Wednesday, December 7, 2011

Trivial Notes

Toni Tennille provided backing vocals for pink Floyd's album The Wall. The Captain was nowhere in sight.

"Weird Al" Yankovic released a single called "Christmas at Ground Zero," way back in 1986.

Lindsey Buckingham wrote nine of the songs on Fleetwood Mac's Tusk album; Stevie Nicks wrote five. Still, Stevie's songs take up more of the original album's running time than Lindsey's.

Donovan and the Beastie Boys are both going to be inducted into the Rock & Roll Hall of Fame next year, which means that the Beasties' King Ad Rock will be forced to share a stage with his ex-father-in-law. Awkward! I'll have much more on the Class of 2012 shortly.

Tweedle-ee-Deedle-ee-Deet

If you just can't get enough of whatever it is we do around here, you may wish to head on over to Twitter and follow @TJNawrocki and @RealJoeLevy.
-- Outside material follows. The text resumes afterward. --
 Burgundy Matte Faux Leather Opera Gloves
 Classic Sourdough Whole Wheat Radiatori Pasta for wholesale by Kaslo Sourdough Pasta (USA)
Just a suggestion.

Thursday, December 1, 2011

Mazel Tov to the Baby Jesus!

Top Ten Christmas Albums by Jewish Artists:

10. Christmas Sing-Along With Mitch, by Mitch Miller
9. Miracles: The Holiday Album, by Kenny G
8. Christmas With Eddie Fisher, by Eddie Fisher
7. Barenaked for the Holidays, by Barenaked Ladies
6. Christmas Is Almost Here, by Carly Simon
5. In the Swing of Christmas, by Barry Manilow
4. A Cherry Cherry Christmas, by Neil Diamond
3. A Christmas Album, by Barbra Streisand
2. Christmas in the Heart, by Bob Dylan
1. A Christmas Gift for You, by Phil Spector

Wednesday, November 23, 2011

Bumper

I know no one other than me is interested in these old NFL games on YouTube - I'm currently watching a Buccaneers/Falcons game from 1979, which has me questioning my own sanity - but there's a lot of cultural detritus to be found in these telecasts, especially if you're fortunate enough to find one with all the commercials intact. It's a real window into what the 1970s were really like, much moreso than, say, listening to Steely Dan's Pretzel Logic. Or into what my 1970s were like, anyway.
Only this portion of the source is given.